[RECORDS PROVIDED Boundary: Start]

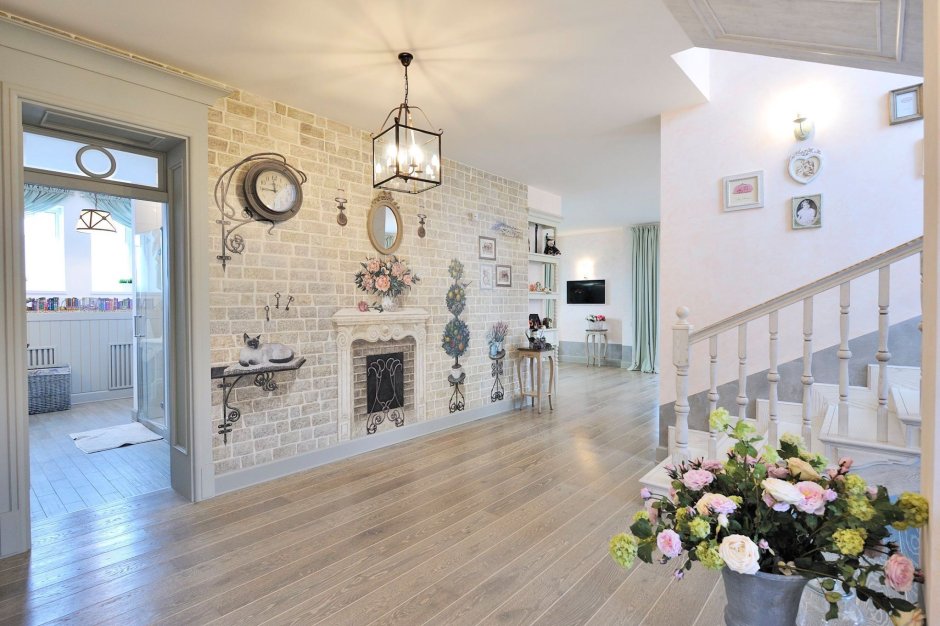 Прихожая переходящая в кухню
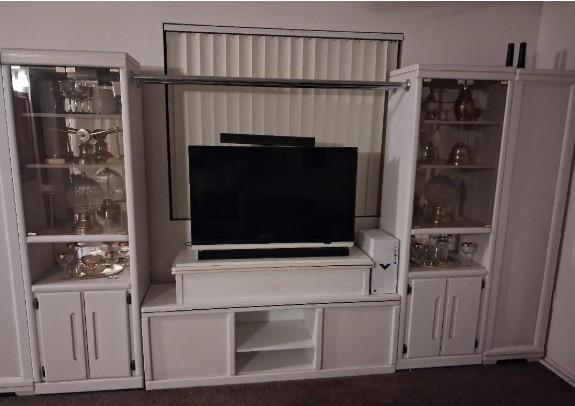 Moving Must sell photo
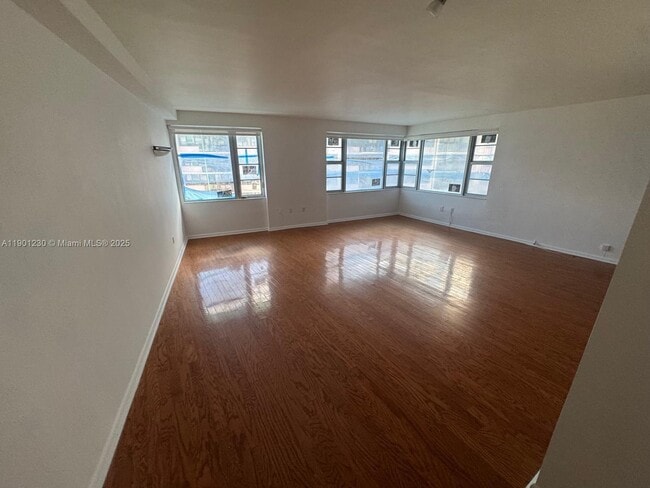Photo - 5255 Collins Ave Unidad 11B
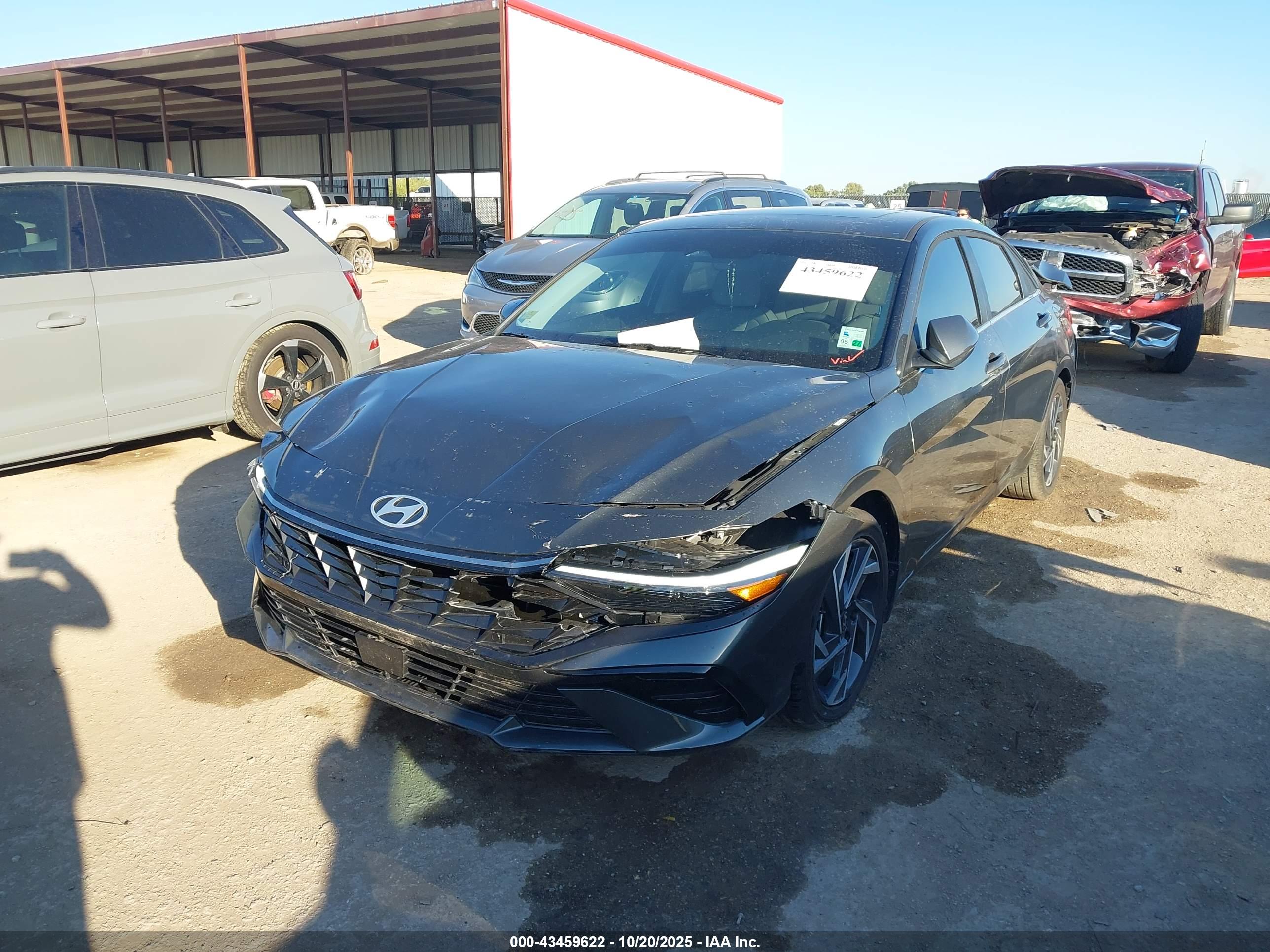 HYUNDAI ELANTRA image 6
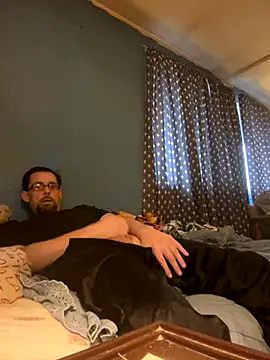 Snapshot of biggdaddyandqueenn chatting on November 2025 07:29:01 PM biggdaddyandqueenn online show from November 2025 07:29:01 PM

[RECORDS PROVIDED Boundary: End]

-- PROMPT --
Each line of the data must be transcribed exactly; pictures are not carried over.

-- ANSWER BOX --
 Прихожая переходящая в кухню
 Moving Must sell photo
Photo - 5255 Collins Ave Unidad 11B
 HYUNDAI ELANTRA image 6
 Snapshot of biggdaddyandqueenn chatting on November 2025 07:29:01 PM biggdaddyandqueenn online show from November 2025 07:29:01 PM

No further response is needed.